___ Data shown

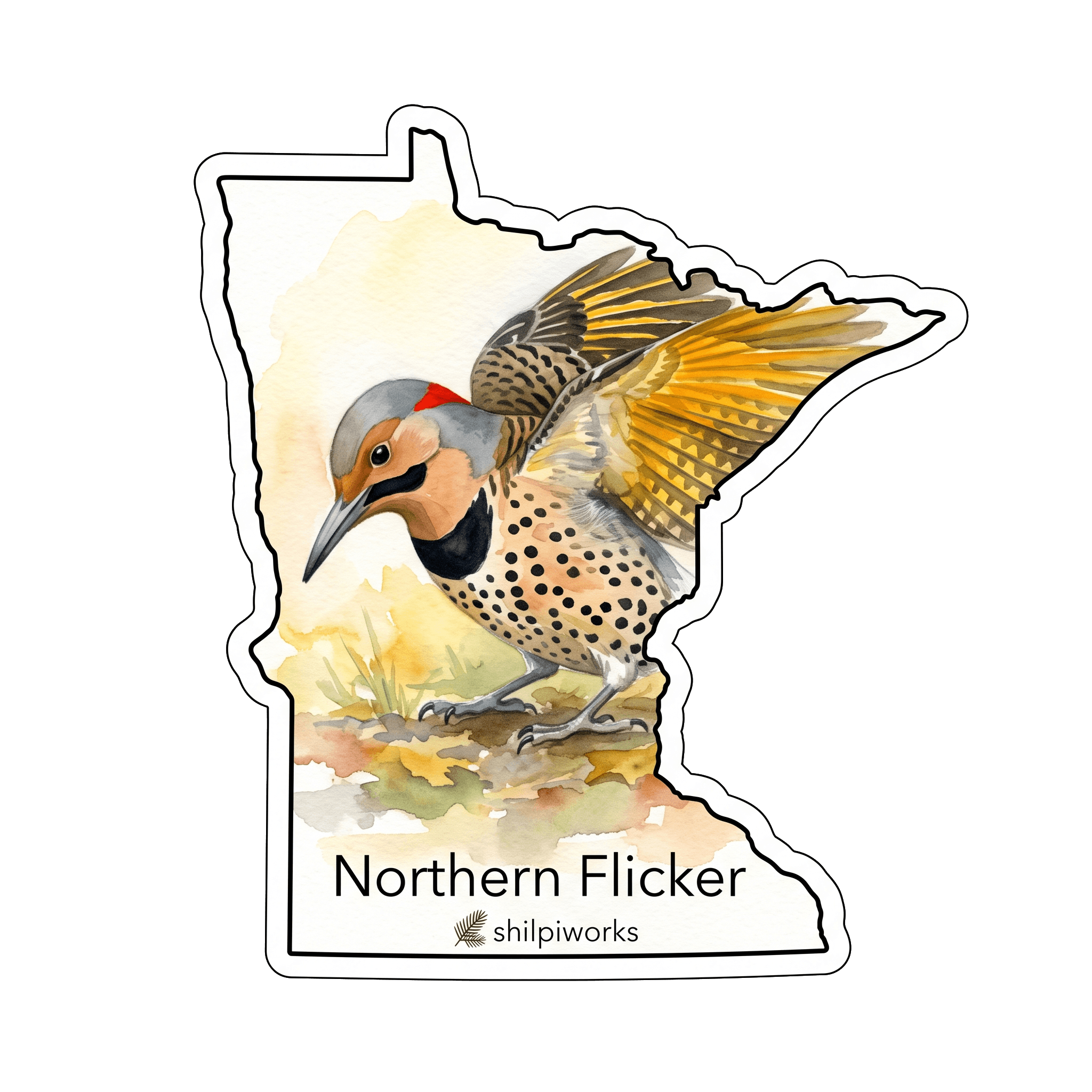 Northern Flicker: Yellow-Shafted Ant Hunter
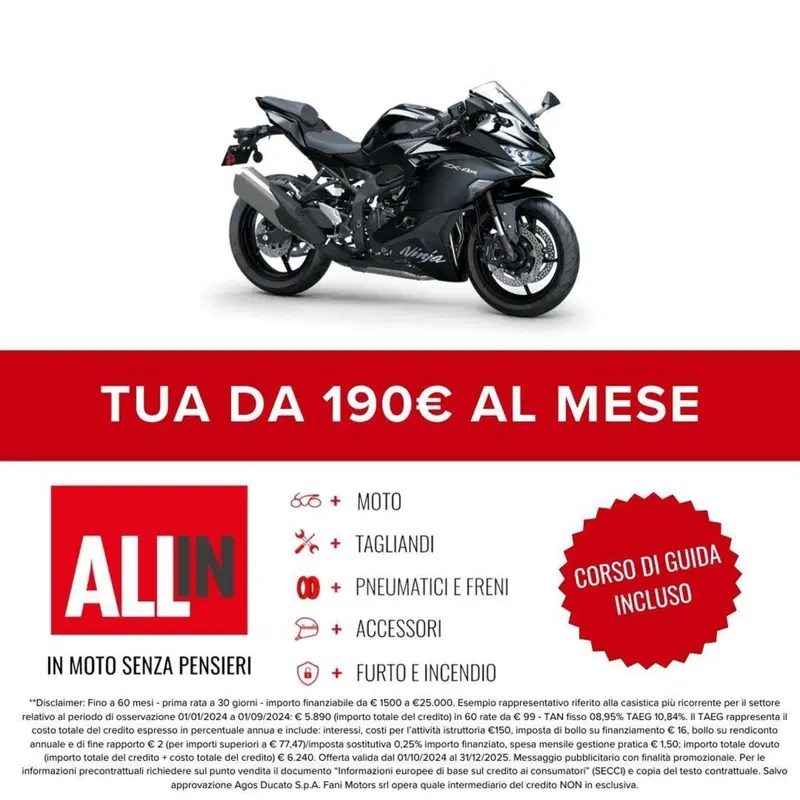 Kawasaki Ninja ZX-4R (2024 - 26) (2)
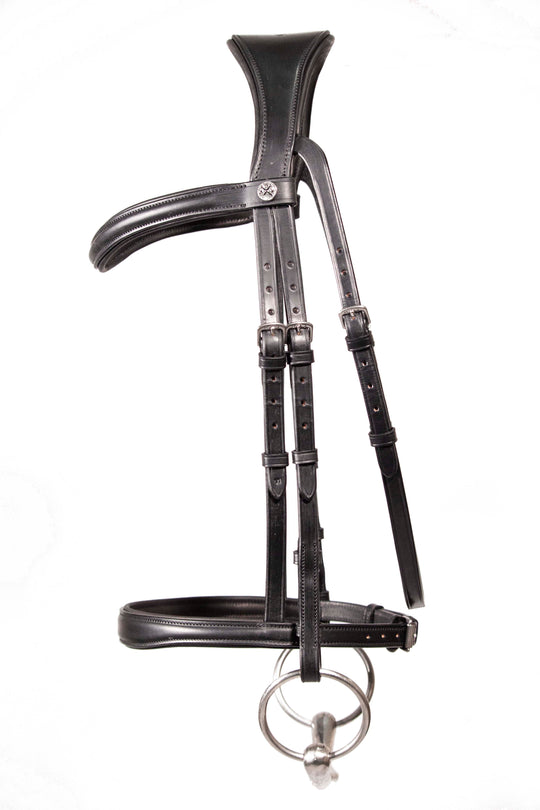 Cavesson bridle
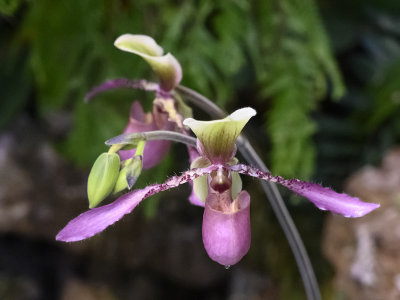 Z7: The expansive orchid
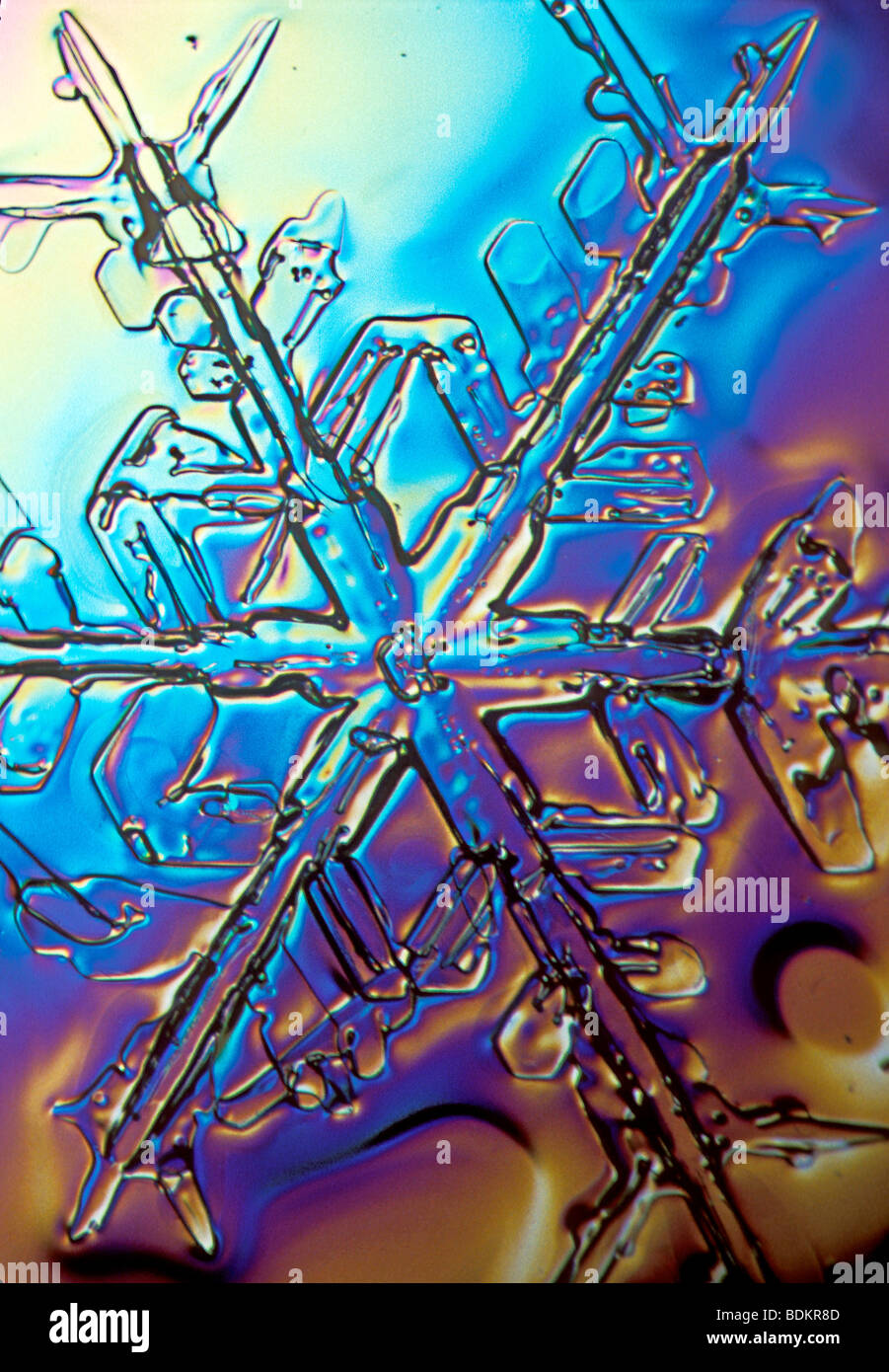 photomicrograph of a snowflake Stock Photo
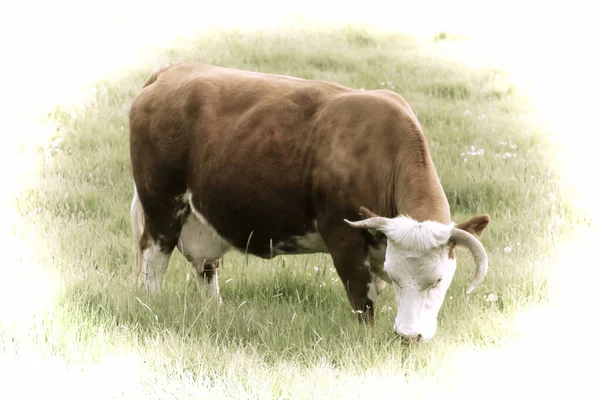 Τέχνη Μια Όμορφη Αγελάδα Βόσκηση Στο Βοσκότοπο — Φωτογραφία Αρχείου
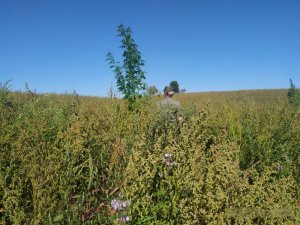 marihuana ujawniona przez funkcjonariuszy z PSG w Dubeninkach 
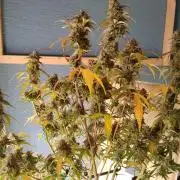 Sherbet Queen autoflower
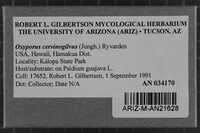 Oxyporus cervinogilvus image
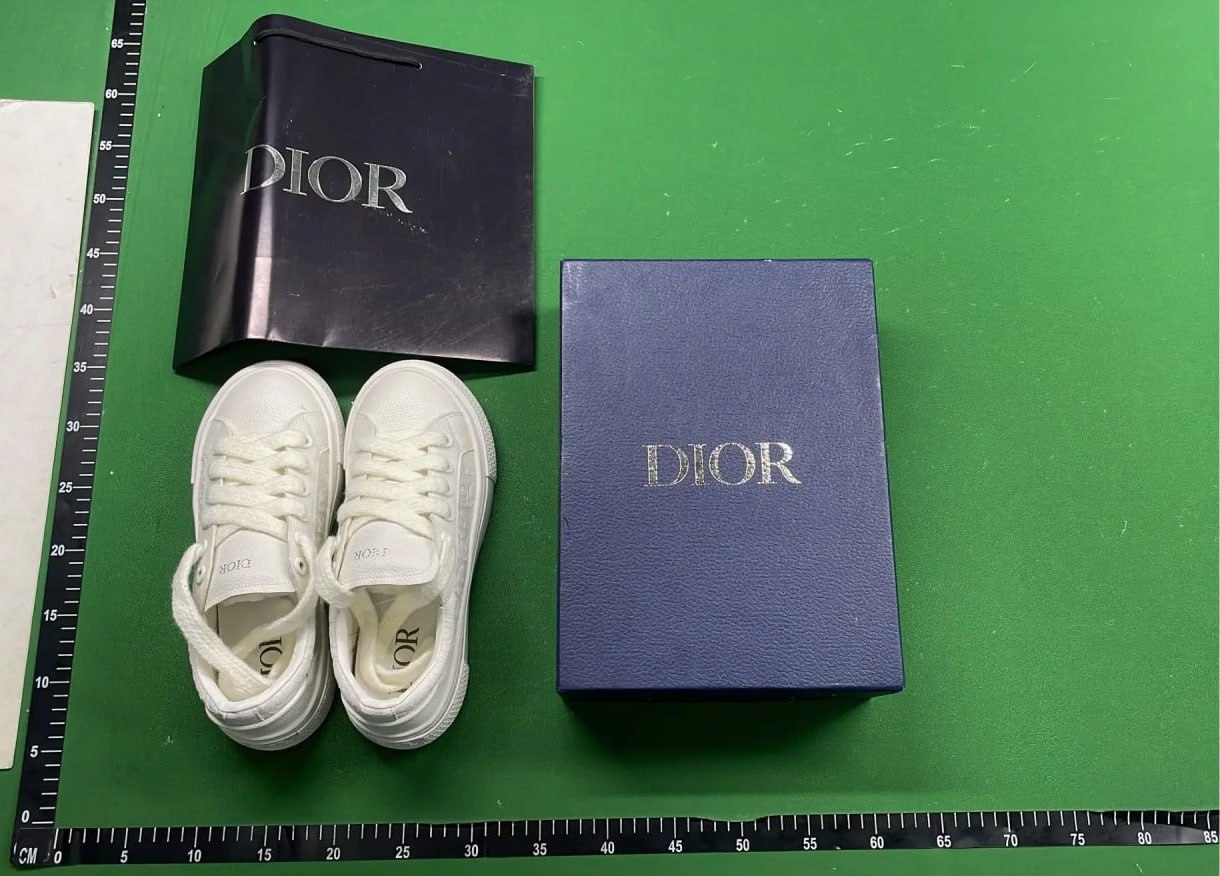 Dior B33 Shoes -4
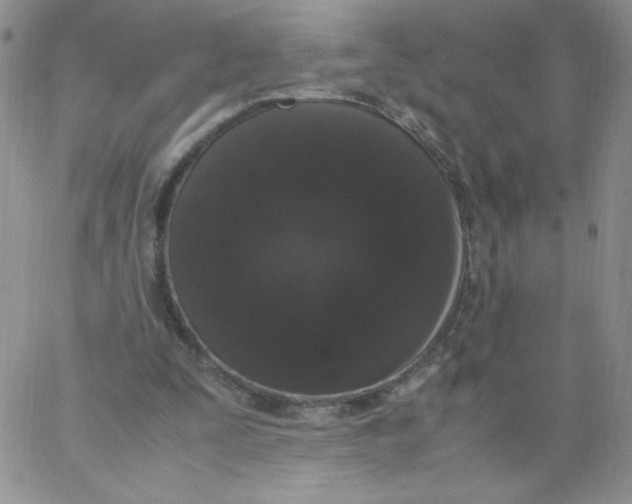 X0000062900295200602031839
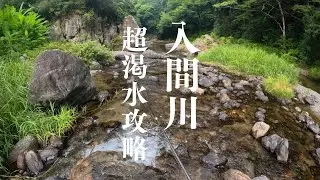 [Sweetfish Lure] How to tackle the extremely drought-filled Irumagawa River‼️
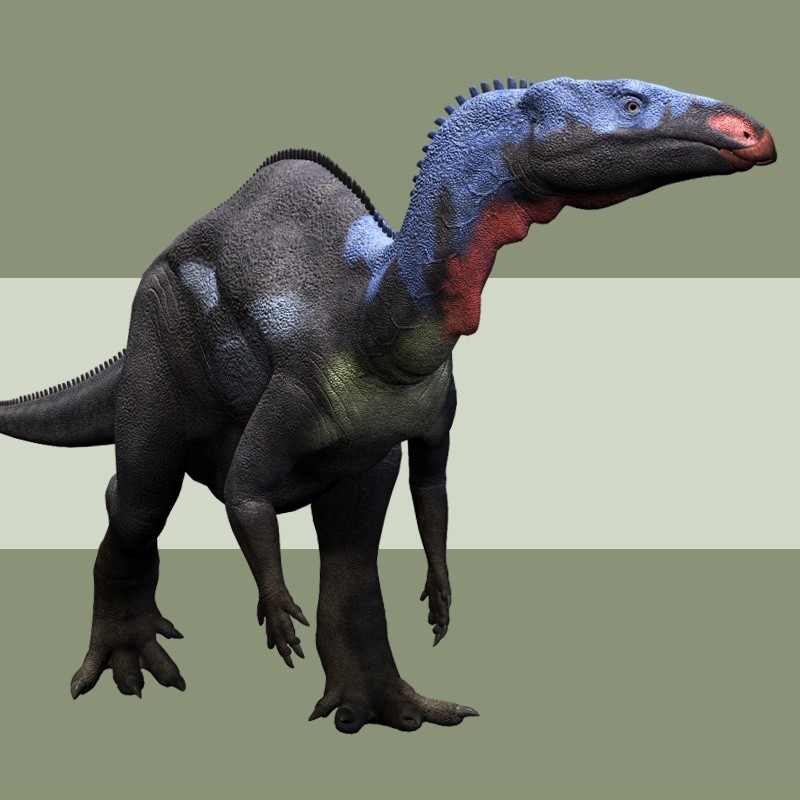 CamptosaurusDR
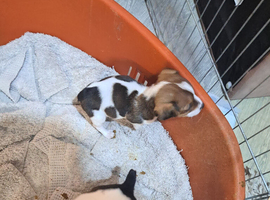 Jack russell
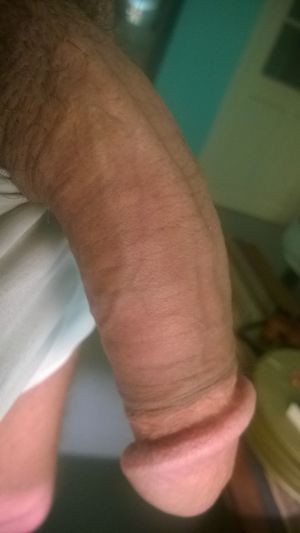 biluvr Picture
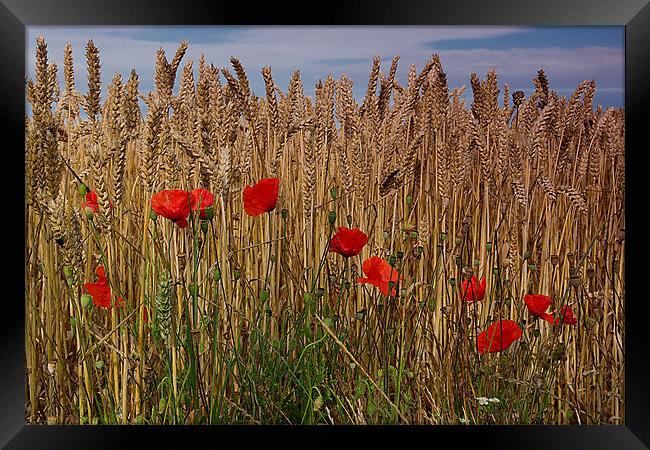 poppy corn Framed Print by kevin wise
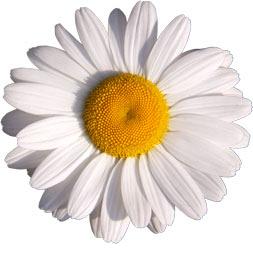 flower253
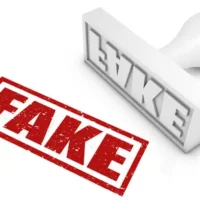Fake, Фейк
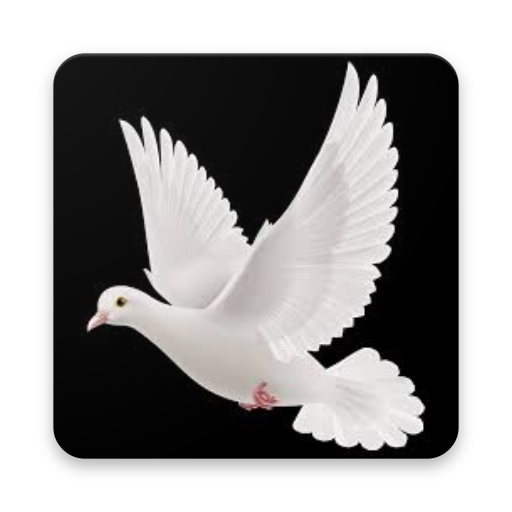 A Bird Chase icon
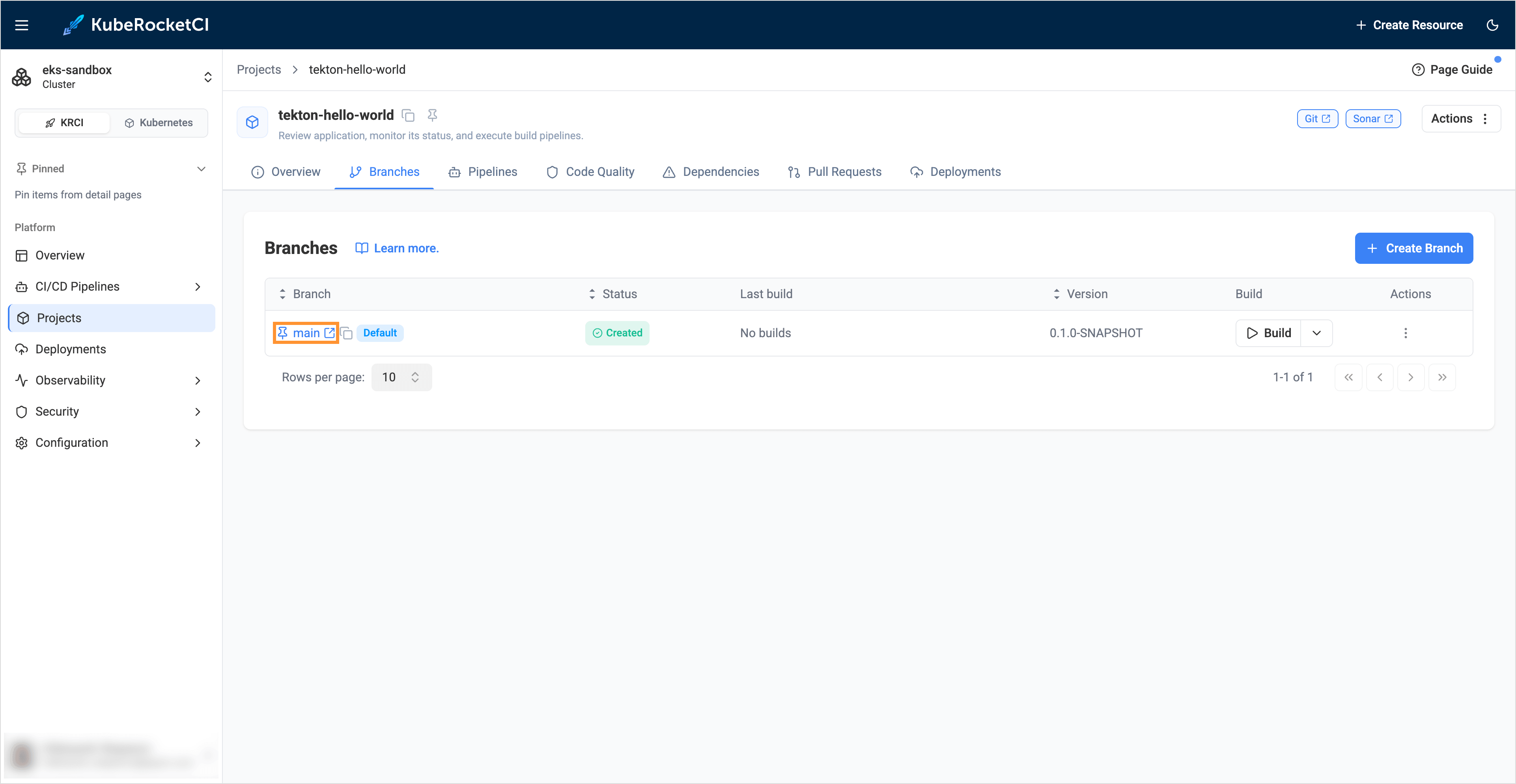 Project's branch tab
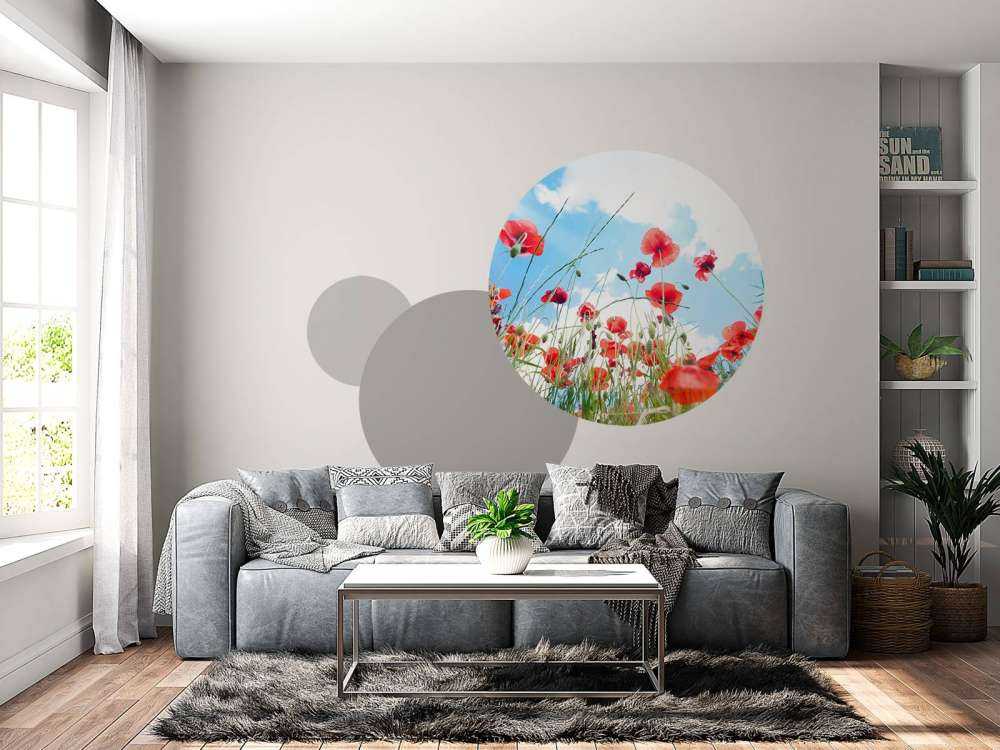 Klaprozen in het voorjaar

______

Required action: From the first line to the last, set down the records word for word and drop the images.

Written answer:
 Northern Flicker: Yellow-Shafted Ant Hunter
 Kawasaki Ninja ZX-4R (2024 - 26) (2)
 Cavesson bridle
 Z7: The expansive orchid
 photomicrograph of a snowflake Stock Photo
 Τέχνη Μια Όμορφη Αγελάδα Βόσκηση Στο Βοσκότοπο — Φωτογραφία Αρχείου
 marihuana ujawniona przez funkcjonariuszy z PSG w Dubeninkach 
 Sherbet Queen autoflower
 Oxyporus cervinogilvus image
 Dior B33 Shoes -4
 X0000062900295200602031839
 [Sweetfish Lure] How to tackle the extremely drought-filled Irumagawa River‼️
 CamptosaurusDR
 Jack russell
 biluvr Picture
 poppy corn Framed Print by kevin wise
 flower253
Fake, Фейк
 A Bird Chase icon
 Project's branch tab
 Klaprozen in het voorjaar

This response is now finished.